— About this exercise —
Would you retype the whole listing exactly, leaving its pictures out?

— Data block —
[Start of section]
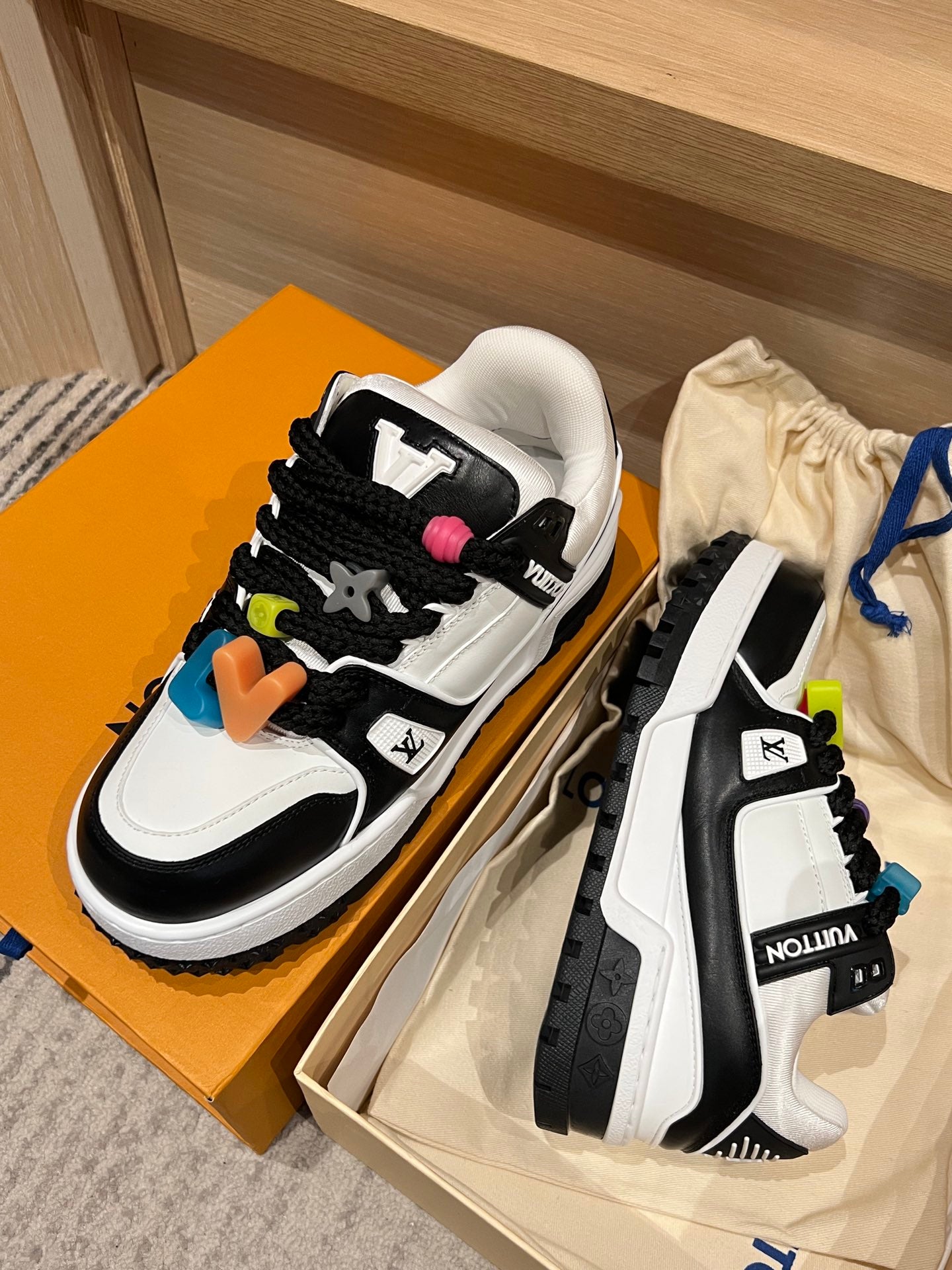 Louis Vuitton trainer sneakers pair, white leather with black trim and colorful charms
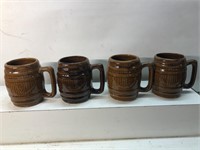 Vintage lot of four pottery barrel mugs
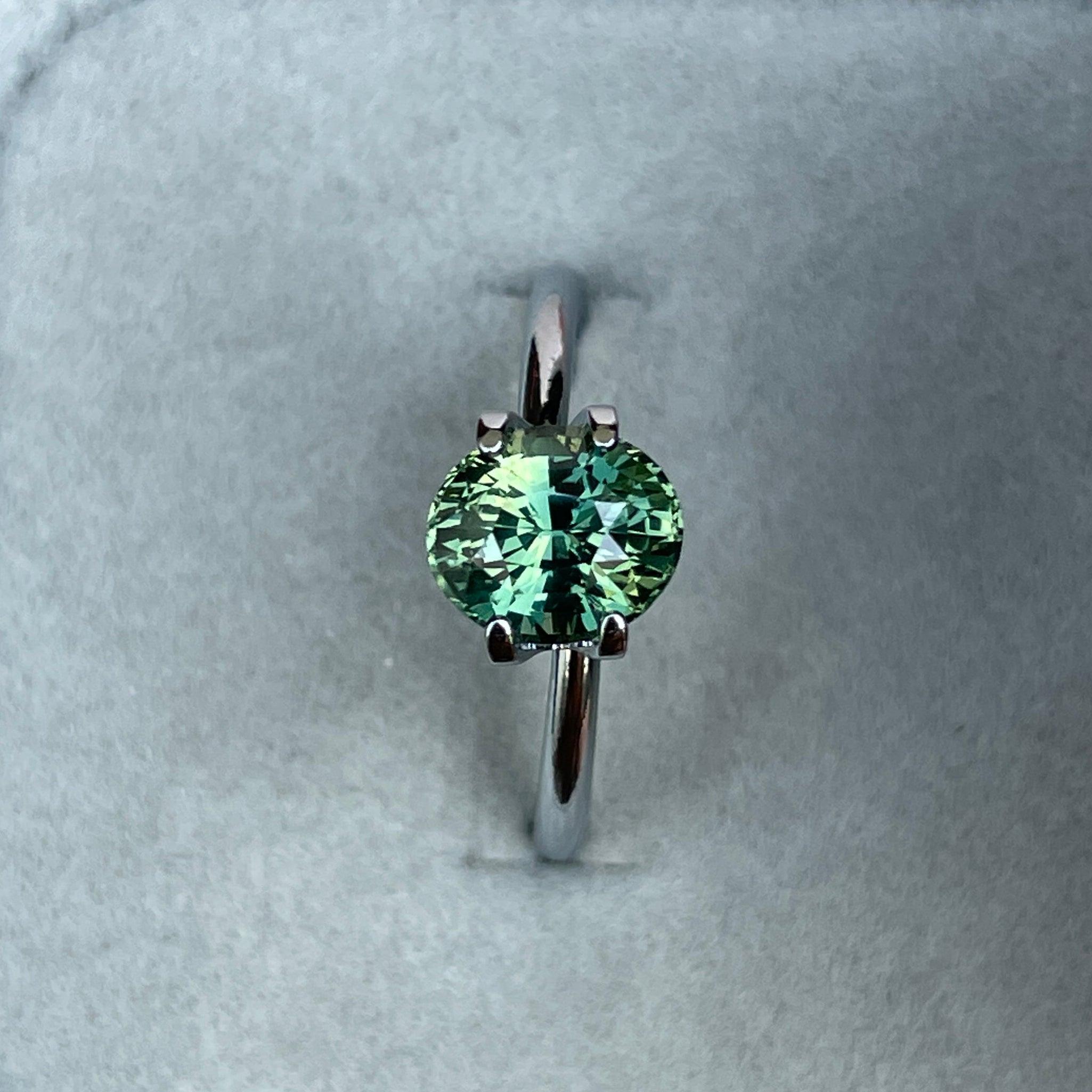 teal blue green parti sapphire oval cut gem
[End of section]
— Written solution —
 Louis Vuitton trainer sneakers pair, white leather with black trim and colorful charms
 Vintage lot of four pottery barrel mugs
 teal blue green parti sapphire oval cut gem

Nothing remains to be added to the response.